Zwölfmal in diesem Jahr der Mathematik veröffentlicht das Abendblatt eine Kolumne über mathematische Alltagsphänomene. Autor ist der Wissenschaftsjournalist Christoph Drösser und Buchautor bei Klett ("Der Mathematik-Verführer"). Hier die zweite Folge:

Stellen Sie sich folgendes Spiel vor: Jemand hat am Rand der Autobahn von Hamburg nach Berlin eine zwei Zentimeter breite und zwei Meter hohe Latte in den Boden geschlagen. Irgendwo zwischen Hamburg und Berlin, Sie haben keine Ahnung, wo. Sie fahren die Strecke nachts mit dem Auto und haben eine Pistole dabei. Zu einem Zeitpunkt, den Sie beliebig wählen können, kurbeln Sie die Scheibe herunter und schießen in Richtung Straßenrand - einmal. Wenn Sie die Latte treffen, haben Sie gewonnen.

Würden Sie auch nur einen Euro auf dieses Spiel wetten? Selbst wenn der Gewinn bei einem Treffer eine Million wäre? Nein? Genau das machen aber Millionen Menschen jede Woche, wenn sie einen Lottoschein ausfüllen. Die Chance auf sechs Richtige ist genauso groß wie die Aussicht des nächtlichen Schützen, die Latte zu treffen: etwa eins zu 14 Millionen.

Warum machen Menschen das? Wir haben keinen eingebauten Sinn für Wahrscheinlichkeiten. Je nachdem, wie ein Problem formuliert ist, täuschen wir uns über unsere Chancen. Aus 49 Zahlen die richtigen 6 auszuwählen kommt uns leichter vor, als im Dunkeln auf langer Fahrt die Latte zu treffen. Die Gewinnwahrscheinlichkeit ist aber nur eine Seite. Die andere: Was kriege ich, wenn ich gewinne? Und: Ist das Spiel fair?

Ein anderes Beispiel: In einer Kneipe macht jemand ein Angebot, um Geld zu würfeln. Sie haben vier Würfe, und wenn mindestens eine 6 dabei ist, bekommen Sie einen Euro - sonst müssen Sie einen Euro zahlen. Ist das Angebot fair?

Mathematisch ist das die Frage nach dem sogenannten Erwartungswert. Man geht dazu alle möglichen Fälle durch, berechnet jedes Mal Gewinn und Verlust und kommt auf einen "Durchschnittsgewinn" für einen Euro Einsatz. Bei einem fairen Spiel kommt null heraus - beide Seiten haben die gleichen Chancen. Bei dem Kneipen-Würfelspiel ergibt sich, dass Sie im Schnitt 3,5 Cent pro Spiel gewinnen. Sie sollten dem Fremden sagen, dass Sie auf sein Angebot eingehen, aber gerne den Einsatz verzehnfachen würden.

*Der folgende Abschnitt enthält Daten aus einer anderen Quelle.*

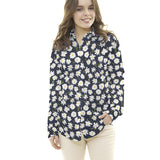 Tecido Rústico Margaridas Azul Escuro - Ribes y Casals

Beim Lotto wird übrigens nur die Hälfte der Einnahmen ausgeschüttet, also beträgt Ihr mittlerer Verlust pro Euro 50 Cent. Auf lange Sicht verliert jeder. Trotzdem gebe ich gern zu, dass ich, wenn der Jackpot mal wieder schwindelnde Höhen erreicht, wie derzeit auf 18 Millionen Euro, doch ab und zu einen Lottoschein ausfülle. In unserem primitiven Säugetierhirn stellen wir den Riesengewinn einem leicht verschmerzbaren Einsatz gegenüber - auch wenn sechs Richtige mit Superzahl noch viel unwahrscheinlicher sind als der gewöhnliche Sechser.